# Pen Blank Sled



## wdkits1 (Jan 16, 2009)

On occasion I go into a pen turning frenzy where I usually turn between 10 and 20 at a stretch. One of the most annoying aspects of pen turning is whittling down a square blank on the lathe to get it to the proper size. Takes up alot of extra time readjusting the tool rest and having to sharpen the tools more often. I have seen other jigs to pre- round the blanks for sale, but being the cheapskate that I am I decided to make my own pre-turning pen blank jig.
I started by putting a dovetail in a scrap piece of walnut to hold the piece that the handle section and the removable tail section slide in. Next make the corresponding dovetail in the handle section stock so that it slides in the sled slot. I then cut the handle section from the tail section and formed the handle. Cut the tail section to allow a thru hole to be drilled for the pen mandrel. Glue the handle section in place on the sled. Glue small pieces of 80 grit sandpaper at each end of the mandrel thru holes to keep the blank from spinning.
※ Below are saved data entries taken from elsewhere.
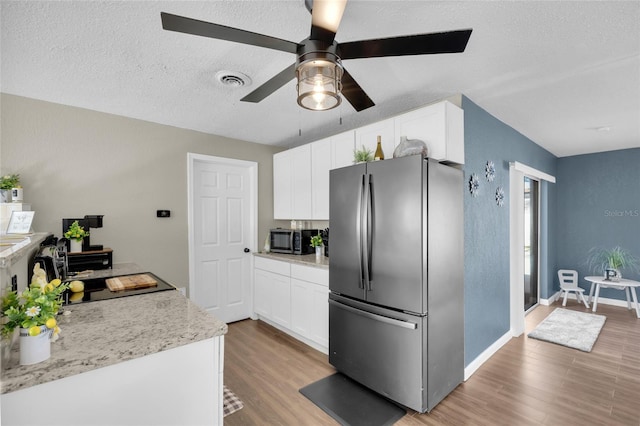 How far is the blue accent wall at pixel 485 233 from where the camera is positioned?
2678 millimetres

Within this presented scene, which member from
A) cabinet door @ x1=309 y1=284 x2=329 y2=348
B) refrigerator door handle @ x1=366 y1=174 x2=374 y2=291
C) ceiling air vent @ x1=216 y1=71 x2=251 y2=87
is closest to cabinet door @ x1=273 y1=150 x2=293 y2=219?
cabinet door @ x1=309 y1=284 x2=329 y2=348

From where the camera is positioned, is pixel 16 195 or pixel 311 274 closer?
pixel 16 195

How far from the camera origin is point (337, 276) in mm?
2633

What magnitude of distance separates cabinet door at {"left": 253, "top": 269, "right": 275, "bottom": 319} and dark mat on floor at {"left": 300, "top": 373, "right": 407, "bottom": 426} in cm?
140

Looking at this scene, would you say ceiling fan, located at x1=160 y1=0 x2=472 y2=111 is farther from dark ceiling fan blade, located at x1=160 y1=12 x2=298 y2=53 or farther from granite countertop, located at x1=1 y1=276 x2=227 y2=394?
granite countertop, located at x1=1 y1=276 x2=227 y2=394

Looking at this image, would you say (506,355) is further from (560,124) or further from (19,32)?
(19,32)

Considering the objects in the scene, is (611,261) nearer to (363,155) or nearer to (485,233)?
(485,233)

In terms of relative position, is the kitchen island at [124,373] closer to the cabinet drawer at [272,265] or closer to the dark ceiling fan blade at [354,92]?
the dark ceiling fan blade at [354,92]

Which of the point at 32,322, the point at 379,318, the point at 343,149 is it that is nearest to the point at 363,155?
the point at 343,149

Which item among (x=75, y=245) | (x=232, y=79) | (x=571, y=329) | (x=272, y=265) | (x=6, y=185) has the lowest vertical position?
(x=571, y=329)

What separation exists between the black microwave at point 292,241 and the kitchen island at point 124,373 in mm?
2306

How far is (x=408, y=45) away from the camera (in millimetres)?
1303

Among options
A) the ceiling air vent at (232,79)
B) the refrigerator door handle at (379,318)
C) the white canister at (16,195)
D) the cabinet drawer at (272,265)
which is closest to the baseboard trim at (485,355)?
the refrigerator door handle at (379,318)

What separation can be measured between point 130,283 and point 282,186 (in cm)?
242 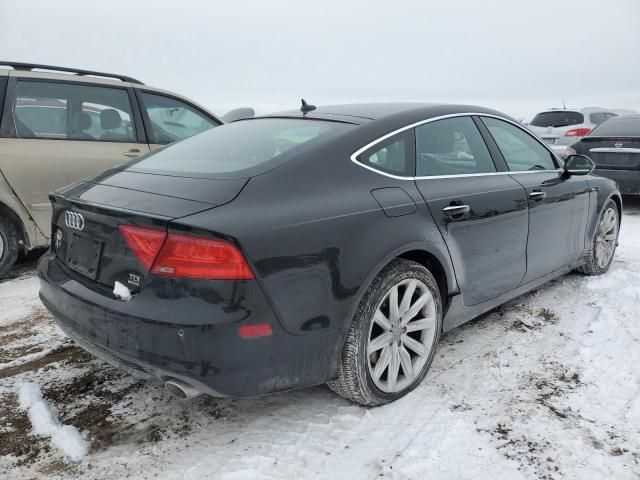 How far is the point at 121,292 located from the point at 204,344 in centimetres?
43

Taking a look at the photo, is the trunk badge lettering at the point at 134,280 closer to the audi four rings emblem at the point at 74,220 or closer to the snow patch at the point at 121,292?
the snow patch at the point at 121,292

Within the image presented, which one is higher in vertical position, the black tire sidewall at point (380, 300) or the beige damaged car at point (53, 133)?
the beige damaged car at point (53, 133)

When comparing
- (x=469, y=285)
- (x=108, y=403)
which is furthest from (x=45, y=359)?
(x=469, y=285)

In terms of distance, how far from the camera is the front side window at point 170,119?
5281 mm

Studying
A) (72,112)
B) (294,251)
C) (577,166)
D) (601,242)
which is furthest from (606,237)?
(72,112)

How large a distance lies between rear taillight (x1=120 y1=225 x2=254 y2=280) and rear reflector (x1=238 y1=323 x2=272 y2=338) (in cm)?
19

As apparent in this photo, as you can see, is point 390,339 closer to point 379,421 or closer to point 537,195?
point 379,421

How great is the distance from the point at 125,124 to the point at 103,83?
0.41m

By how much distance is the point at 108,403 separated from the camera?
8.55 ft

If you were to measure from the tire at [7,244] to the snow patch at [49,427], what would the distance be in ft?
6.91

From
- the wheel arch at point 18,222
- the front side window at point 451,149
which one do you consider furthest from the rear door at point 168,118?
the front side window at point 451,149

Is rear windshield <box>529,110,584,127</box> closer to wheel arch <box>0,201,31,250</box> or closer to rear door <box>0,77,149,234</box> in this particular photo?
rear door <box>0,77,149,234</box>

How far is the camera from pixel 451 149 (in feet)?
10.3

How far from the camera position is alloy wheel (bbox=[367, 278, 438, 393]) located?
99.1 inches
The tail section slides in the dovetail to load a pen blank onto the mandrel and the thumb lever (removable) is used to apply pressure to the pen blank to keep it from spinning during the cut.










I also set the jig up to slide in the miter slot of the bandsaw bed by adding a rail under the sled after I determined how far from the blade the jig needed to be.










Once the blank is loaded onto the jig, pressure is applied to the thumb lever and the cut is made . Then I retract the jig ,release the pressure, spin the blank 90 degrees,make the next cut and so on until the blank has been rounded.










Completed blank ready for turning in less than 1 minute


----------



## CivilEngineer13 (Aug 29, 2008)

To me it's half the fun to take it down on the lathe. Wood chips flyin' everywhere!

But great design and ingenuity! If I didn't get such a thrill taking blanks down on the lathe, I might have to try and make one of those. Good work!


----------



## phinds (Mar 25, 2009)

very nice design.


----------



## Kenbo (Sep 16, 2008)

Very cool design. I like it.
Ken


----------